Mirror Blue By Thomma Lyn Grindstaff
Publisher: Black Lyon Publishing
Rating: 4 Books
Reviewed by Snapdragon
He’s her first chance at love.
She’s his last.
Free spirit Aphra Porter never thought Isaac Lightfoot would remember the letter she wrote to him years before. But by some miracle, he does. Now a successful Web site designer in her thirties, Aphra meets the man whose writing talents she’s always idolized—an encounter that leaves her spinning. No longer is Isaac a distant image, but a flesh and blood man who looks at her like no one has looked at her before.
A critically acclaimed author and Vietnam war hero, Isaac is one tough bear of a man. Faced with the physical and emotional scars of war, a relationship with a daunting age difference, and an ex-wife bent on tearing Aphra from his life, he’s about to learn that leaving the past behind and building a new life can be the toughest battle of all.

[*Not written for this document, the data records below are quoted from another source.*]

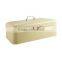 CURVED STEEL ROLL TOP BREAD BIN KITCHEN FOOD STORAGE BLACK BOX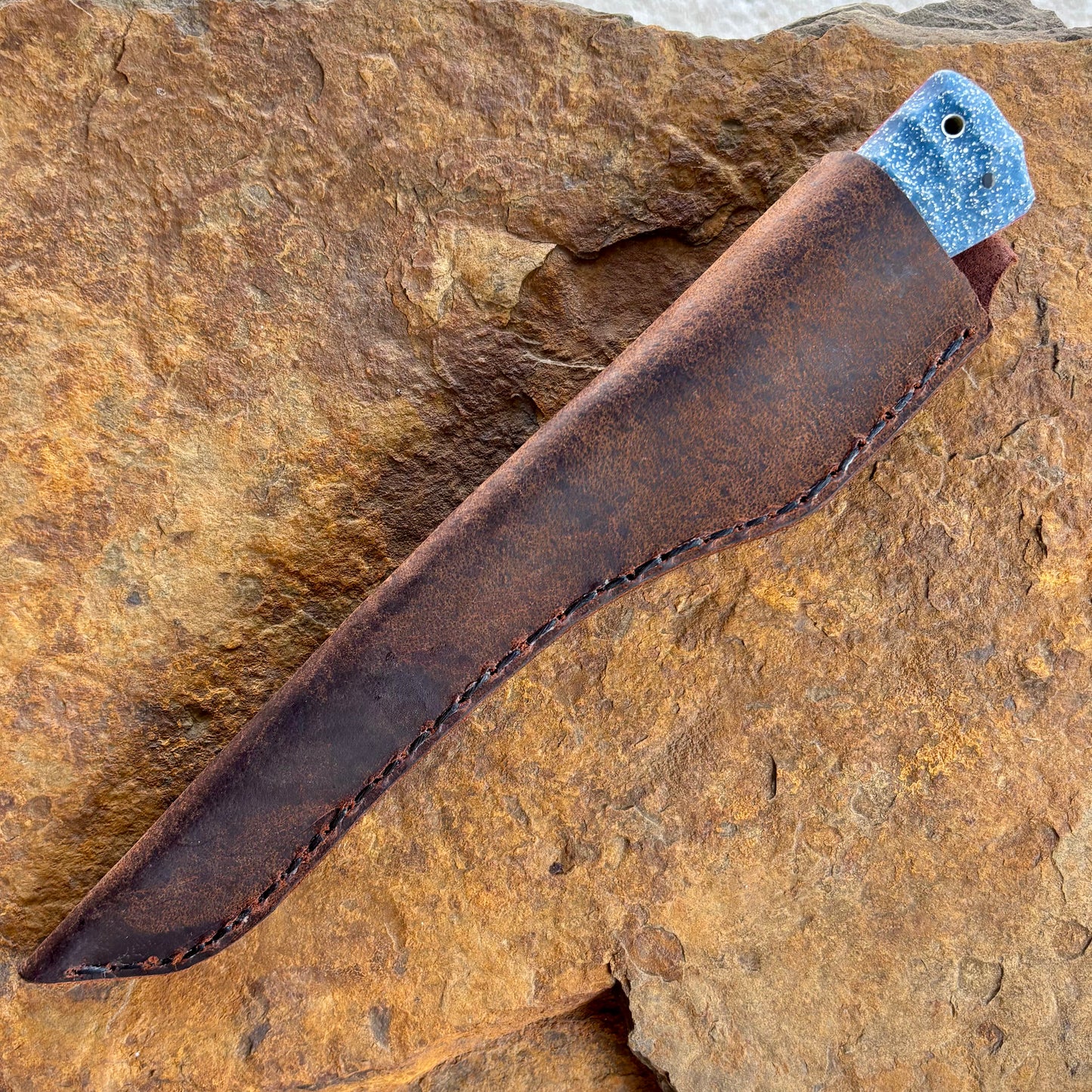 Toller Fillet in AEBL w/ Blue & White GripX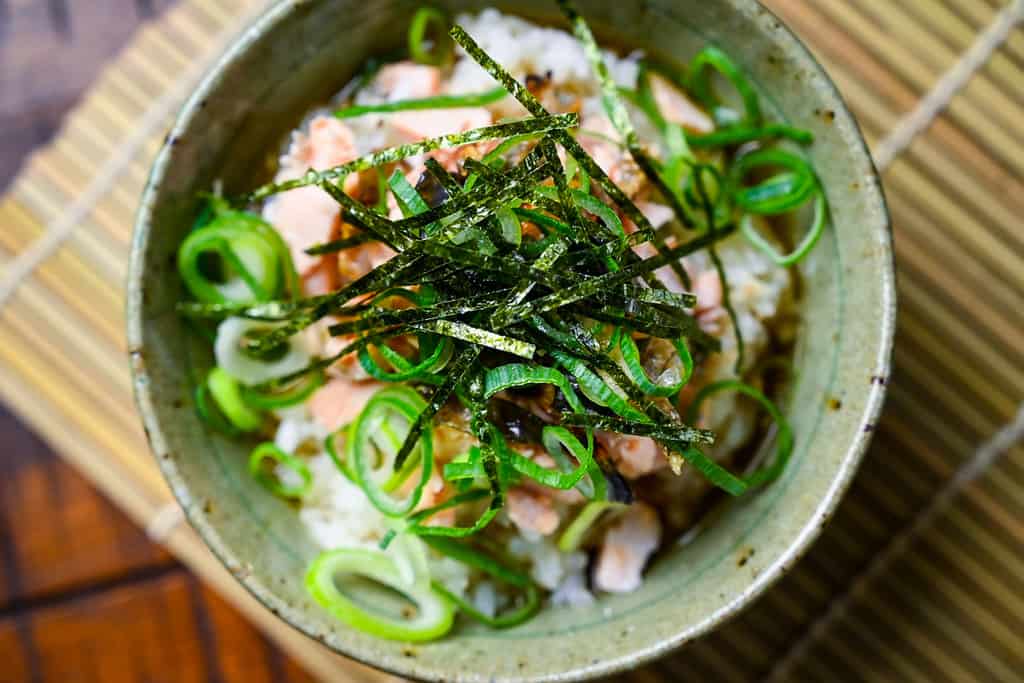 Salmon Ochazuke (Japanese Tea on Rice) Sudachi Recipes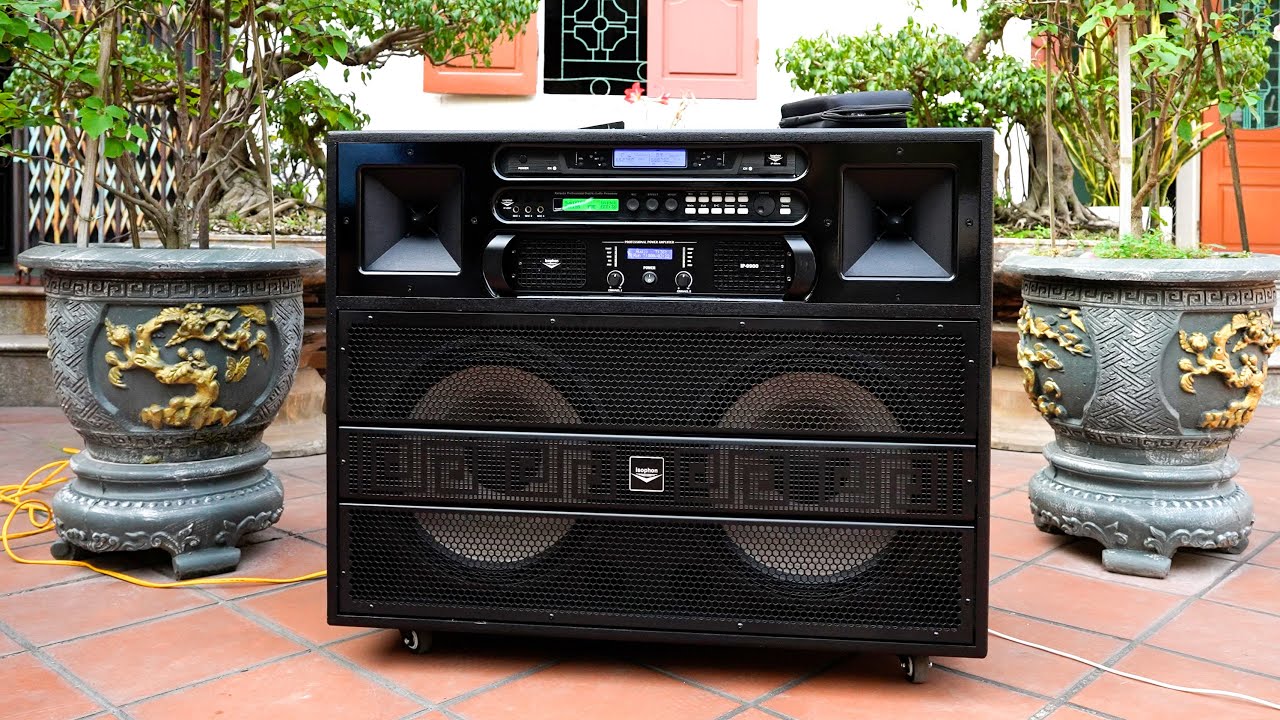 Giao loa isophon IP-9900 cho chú Minh ở Kim Thành, Hải Dương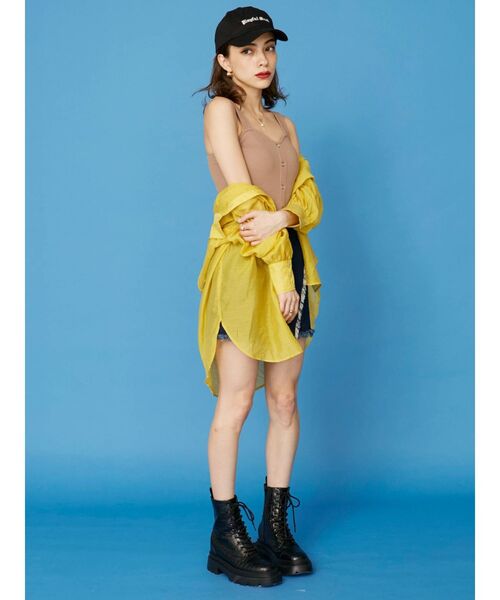 EVRIS(エヴリス)の「レースアップインソールワークブーツ(ブーツ・レディース・ブラック/その他1・SMALL/MEDIUM/LARGE)」の5枚目の写真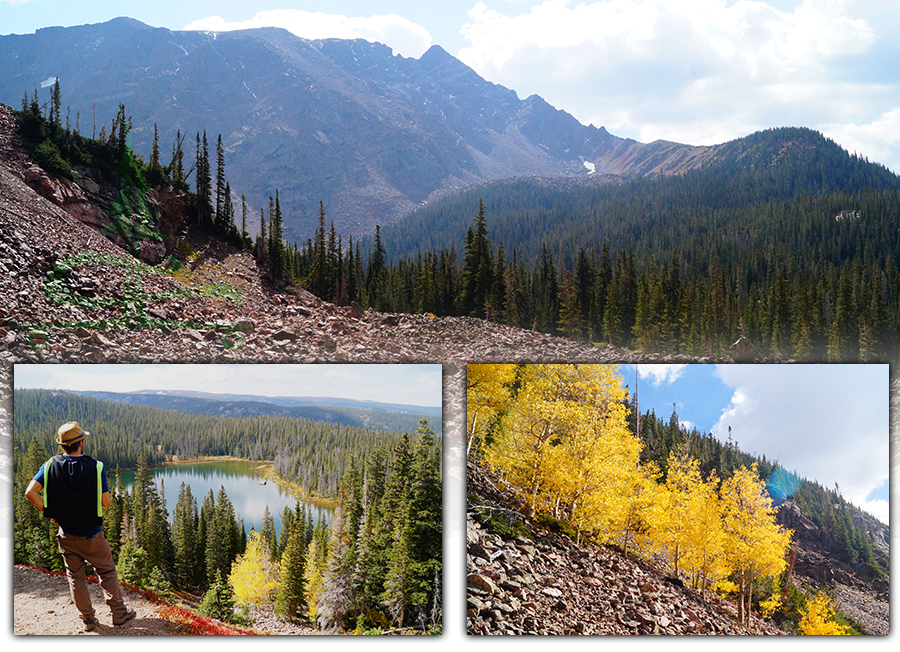 beautiful views from surprise lake trail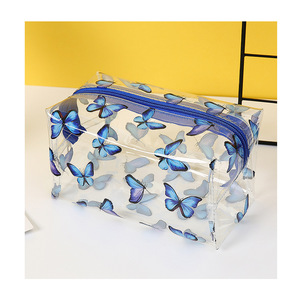 Women Fashion Candy Style Plastic Zip Clear Customizable Cosmetic <b>Bag</b> <b>Transparent</b> PVC Travel for <b>Makeup</b> <b>Bag</b> with Zipper - Product Image 1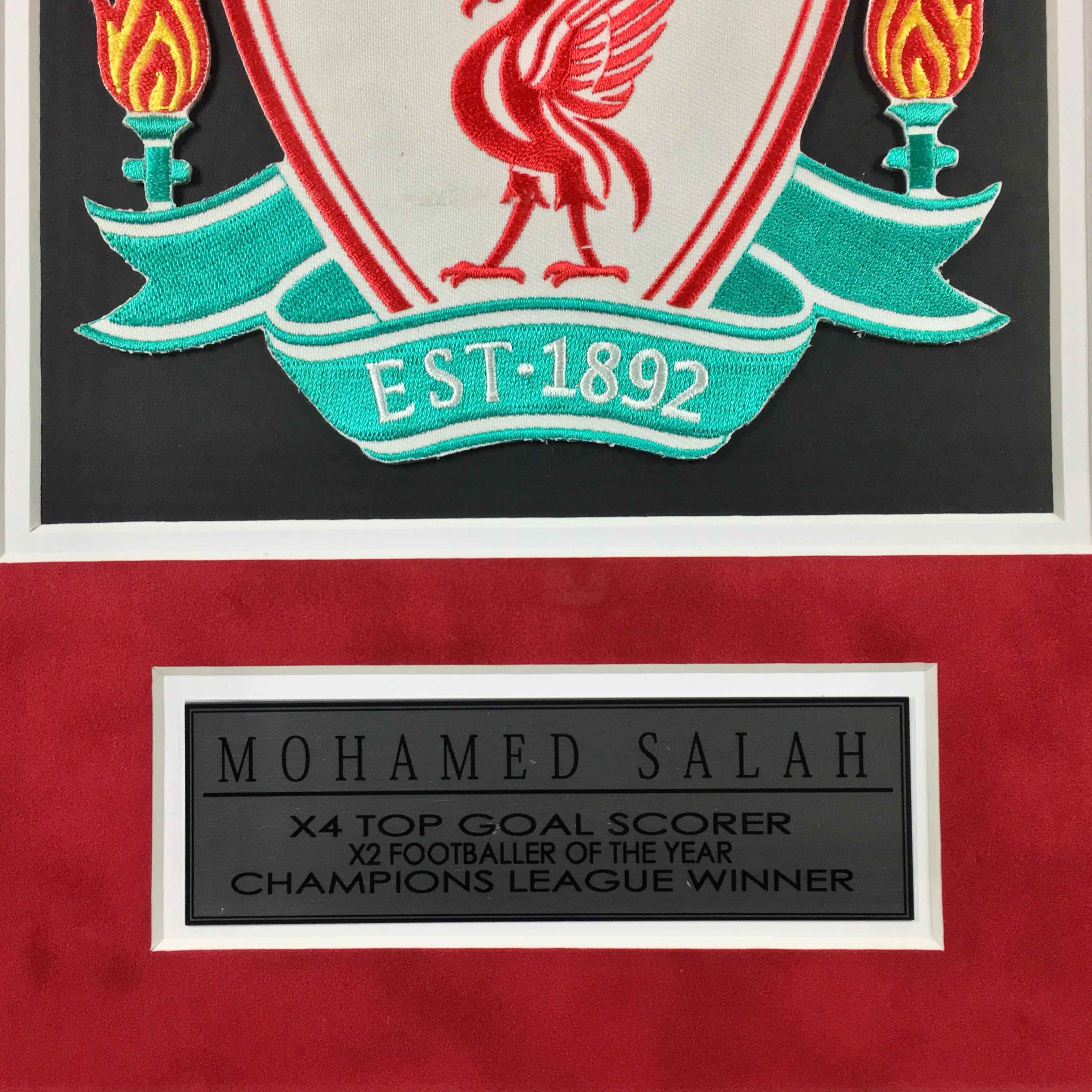 Mo Salah Signed Jersey Framed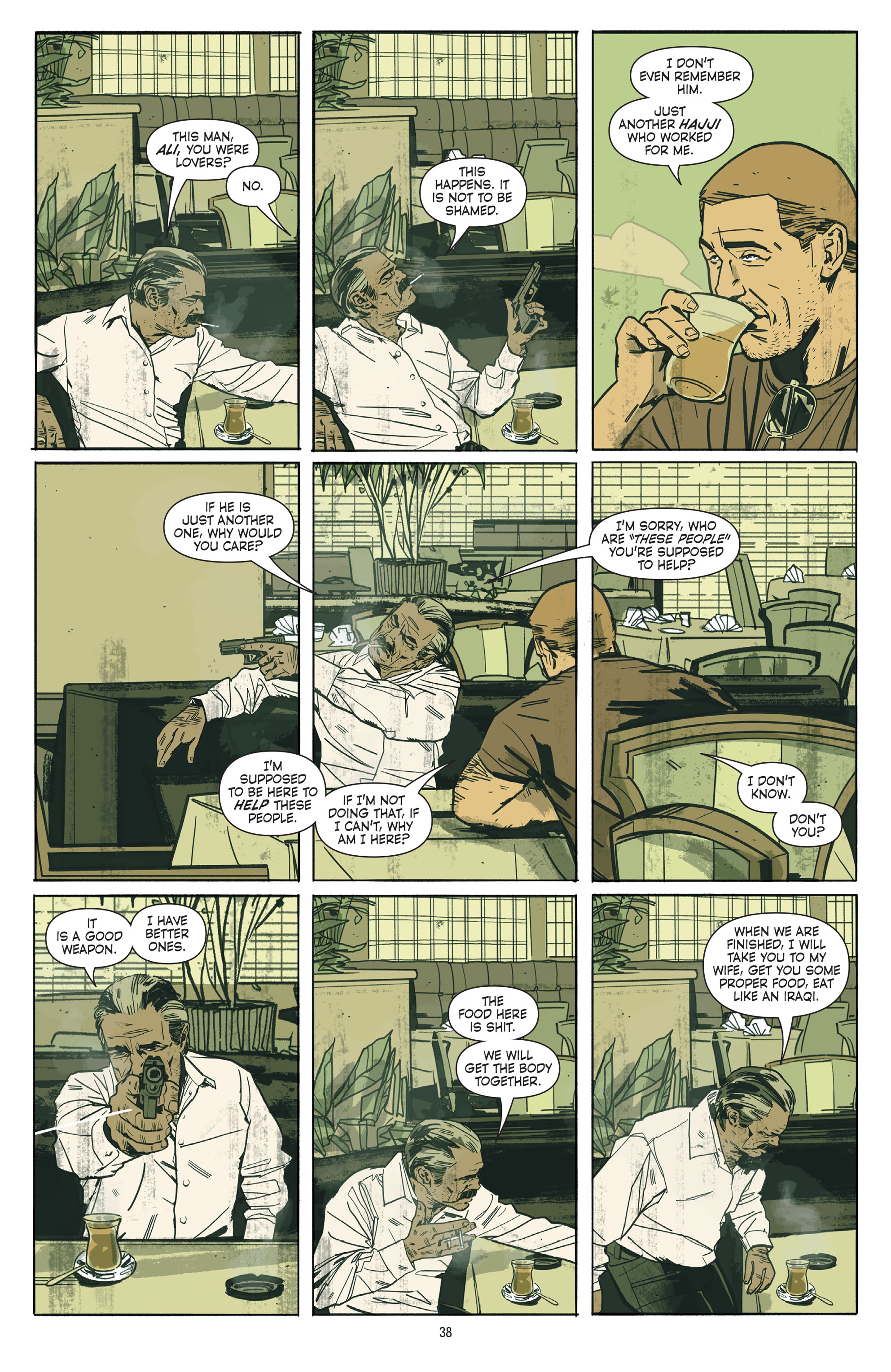 Read online The Sheriff of Babylon comic -  Issue # _The Deluxe Edition (Part 1) - 35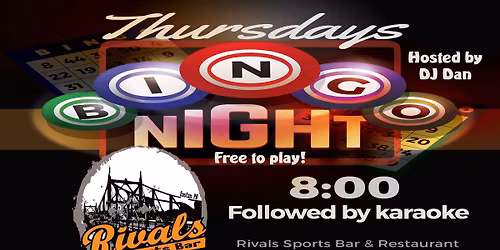 Free Bingo Night at Rivals
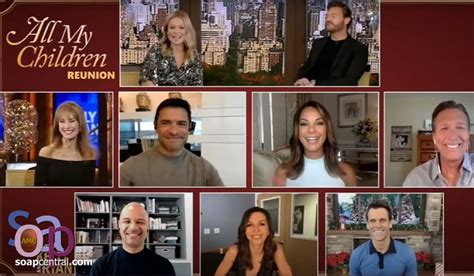 Watch All My Children Reunion Honors Kelly Ripas Anniversary At Abc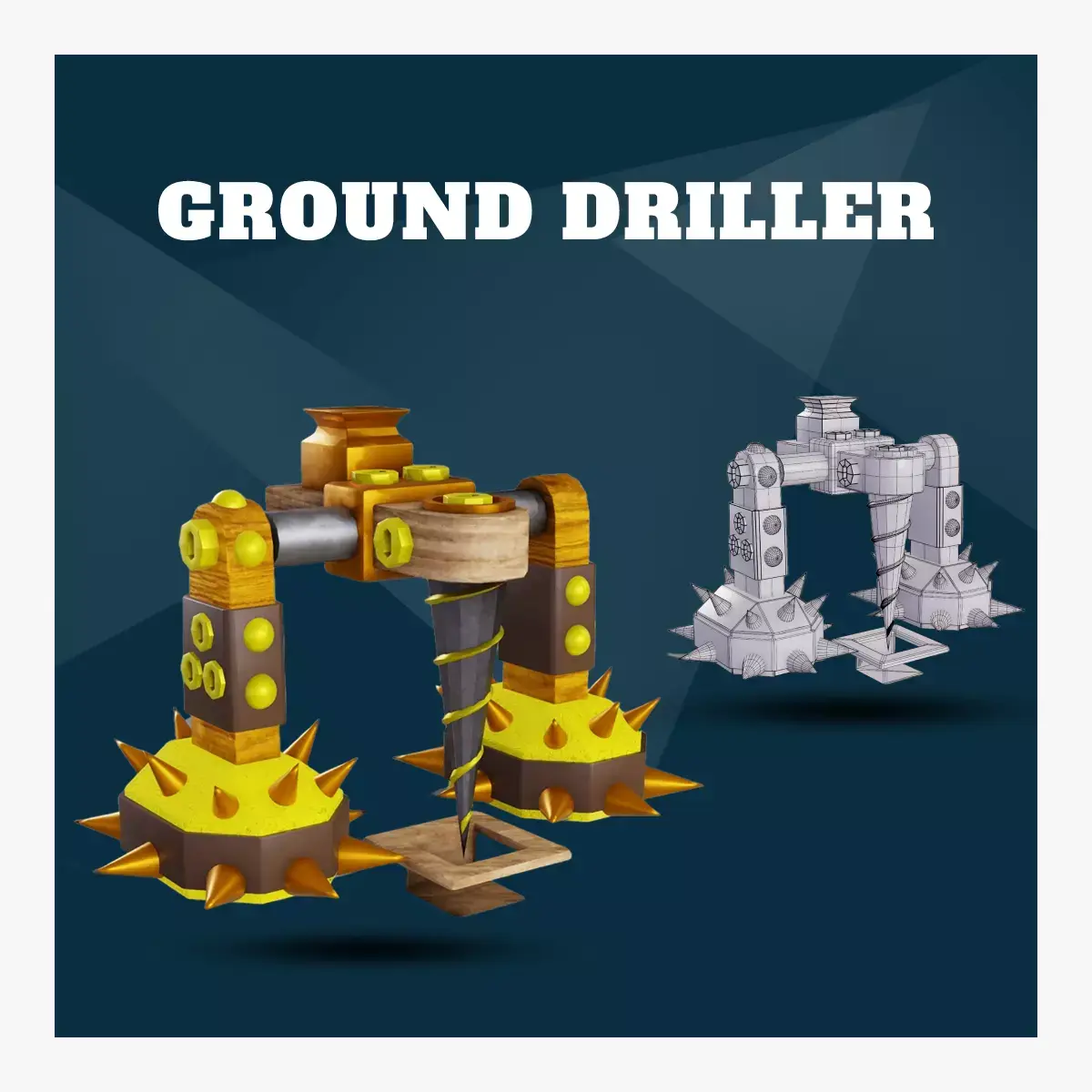 Ground driller 3D model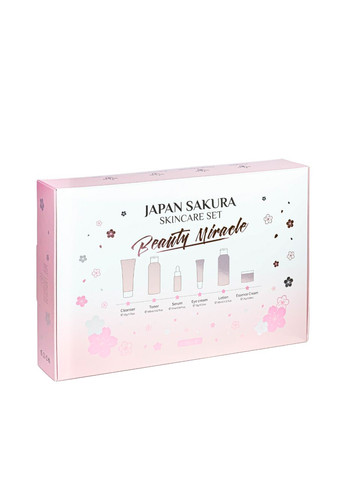 Подарунковий набір косметики по догляду за обличчям Japan Sakura Skincare Set Laikou (300676911)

Aspiring to everything Aphra - a successful web-designer with so many more possibilities, at last meets the author that has changed her life. Isaac is a prolific author, who's Vietnam experiences had an important role in forming his perceptions. Somehow, they see the unlikely characters within one another .. but fan and star rarely find true middle ground to meet.
Yet, in their conversations, they find many points to share. Even their vehicles, paralleling themselves, somehow show a strange, tenuous connection between the two of them. There is no denying the age difference, and no escaping the disapproval of certain other people. Coping, and discussing the issues allows them to share a problem, and instead of driving a wedge between them, serves to give them another point to share.
Even so, a melancholy air hangs over this work, almost as if we, too, cannot quite see how this relationship can work. Surely, the two are so vastly different? For Aphra, with her almost life-long study of Isaac's work, and her fan-like knowledge of his background, this cannot be a healthy future. We expect doom. Grindstaff's literary style even contributes; both to the slow pace and the disquieting sense that they cannot truly have found one another.
Thomma Grindstaff's work is more slowly paced and introspective than much in the way of today's romances, yet the many layers of depth here have appeal. The story is plausible, and the characters' interaction and growth is both plausible and pleasurable. Grindstaff's work offers a certain insightful, even visceral understanding of the human heart.